**WHAT IS EXPECTED**
Transcribe every entry verbatim; omit pictures.

**Short text fragments from websites**
+===+
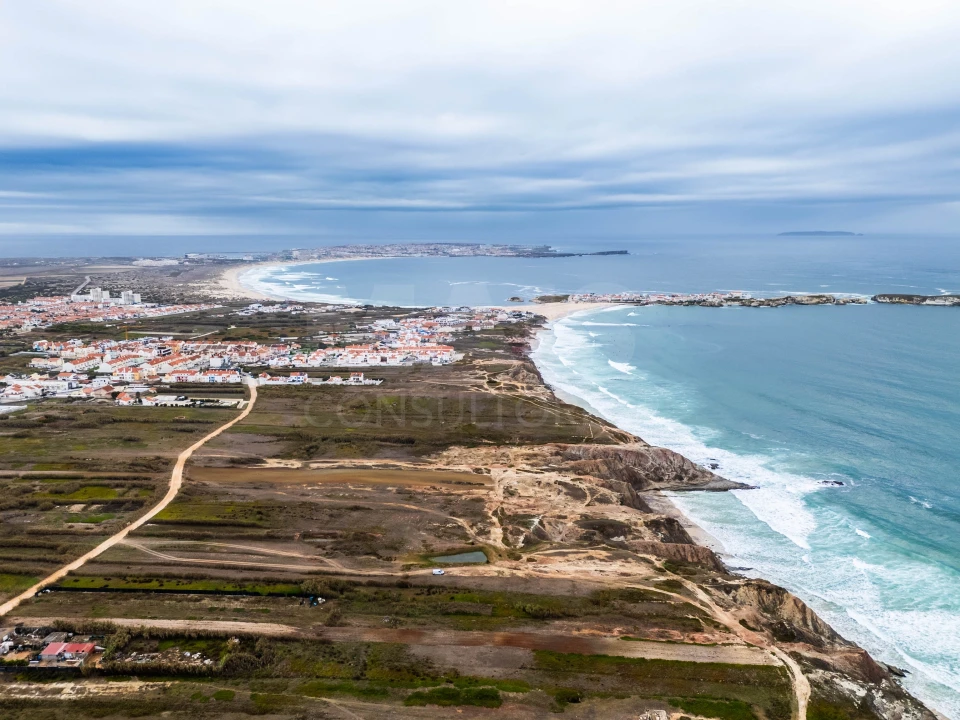 Terreno para Venda em Ferrel Foto 4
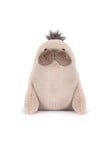 Jellycat Roarwell Sea Lion product photo
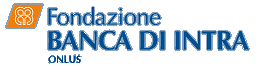 Fondazione Banca di Intra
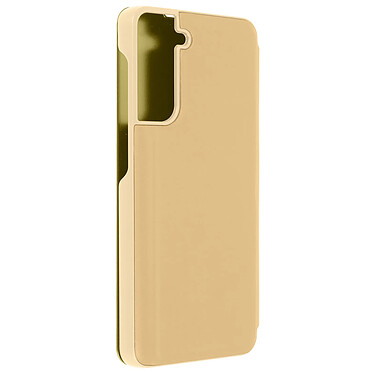 Coque téléphone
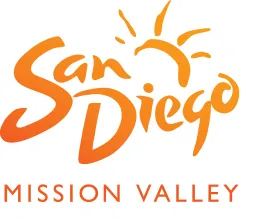 subregionlogos-missionvalley.gif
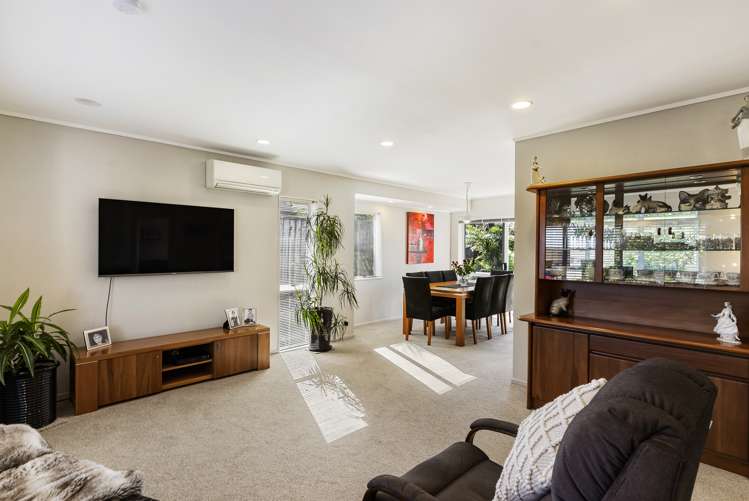 48 Bob Charles Drive Golflands_6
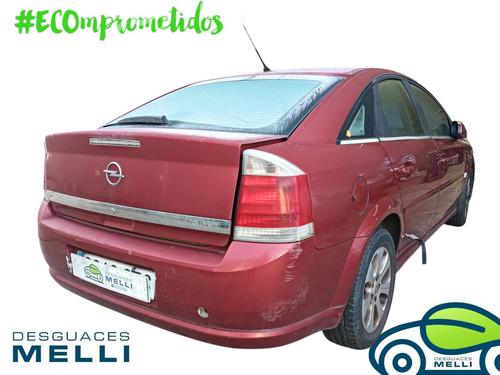 Injection rail OPEL VECTRA C (Z02)  | BP25754331M98 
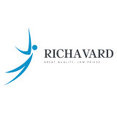 Richavard Ltd's profile photo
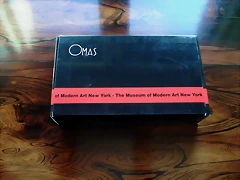 01 omas caja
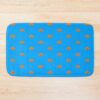 urbathmat flatlay largesquare1000x1000.1u5 11 - Doraemon Store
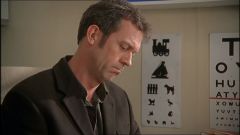 fortysomething 1x05 -00090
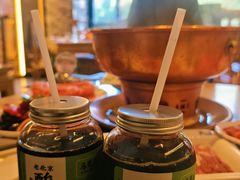 -牛街·马辈儿涮肉(牛街总店)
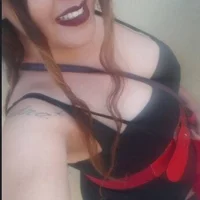 dildosRikos91's Profile Pic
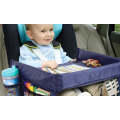 Play n Snack Tray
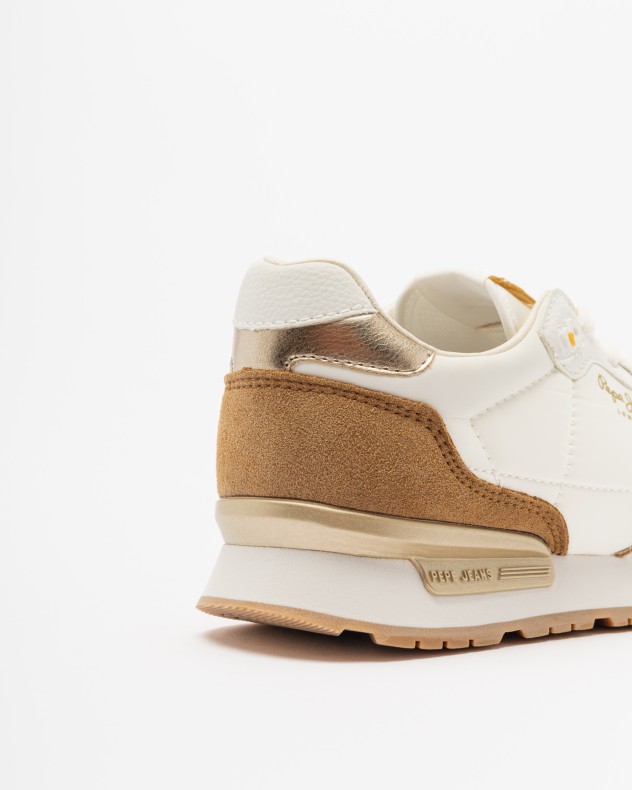Pepe Jeans London Sneakers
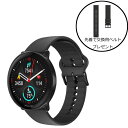 ポラール Ignite3(イグナイト3) 日本正規品 ブラック バンド:S-L #900106234 送料無料 POLAR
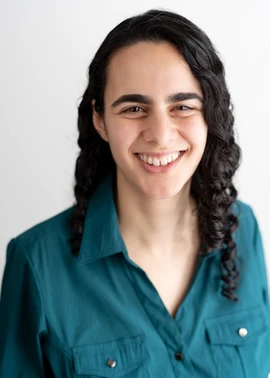 Ranah Chavoshi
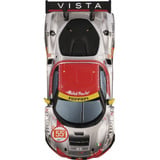 Carrera HYBRID Ferrari 296 GT3 "Vista AF Corse, No.55" FIA WEC 2024, Voiture de course 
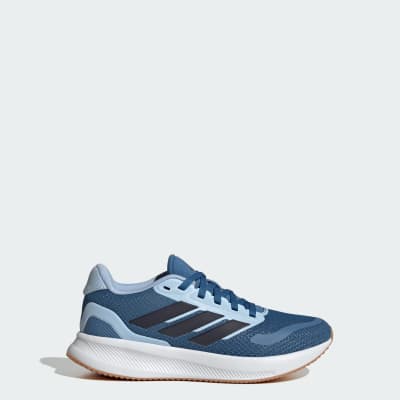 ADIDAS J RUNFALCON 5 J JP9390
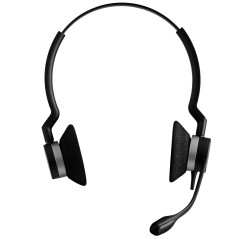 Køb Jabra BIZ 2300 Duo E-STD (2309-820-104) - Høj Kvalitet og Komfort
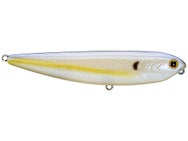 Lucky Craft Sammy 100 Walking Bait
+===+
**RESULT OF THE TASK**
 Terreno para Venda em Ferrel Foto 4
 Jellycat Roarwell Sea Lion product photo
 Fondazione Banca di Intra
 Coque téléphone
 subregionlogos-missionvalley.gif
 48 Bob Charles Drive Golflands_6
 Injection rail OPEL VECTRA C (Z02)  | BP25754331M98 
 Richavard Ltd's profile photo
 01 omas caja
 urbathmat flatlay largesquare1000x1000.1u5 11 - Doraemon Store
 fortysomething 1x05 -00090
 -牛街·马辈儿涮肉(牛街总店)
 dildosRikos91's Profile Pic
 Play n Snack Tray
Pepe Jeans London Sneakers
 ポラール Ignite3(イグナイト3) 日本正規品 ブラック バンド:S-L #900106234 送料無料 POLAR
 Ranah Chavoshi
 Carrera HYBRID Ferrari 296 GT3 "Vista AF Corse, No.55" FIA WEC 2024, Voiture de course 
 ADIDAS J RUNFALCON 5 J JP9390
 Køb Jabra BIZ 2300 Duo E-STD (2309-820-104) - Høj Kvalitet og Komfort
 Lucky Craft Sammy 100 Walking Bait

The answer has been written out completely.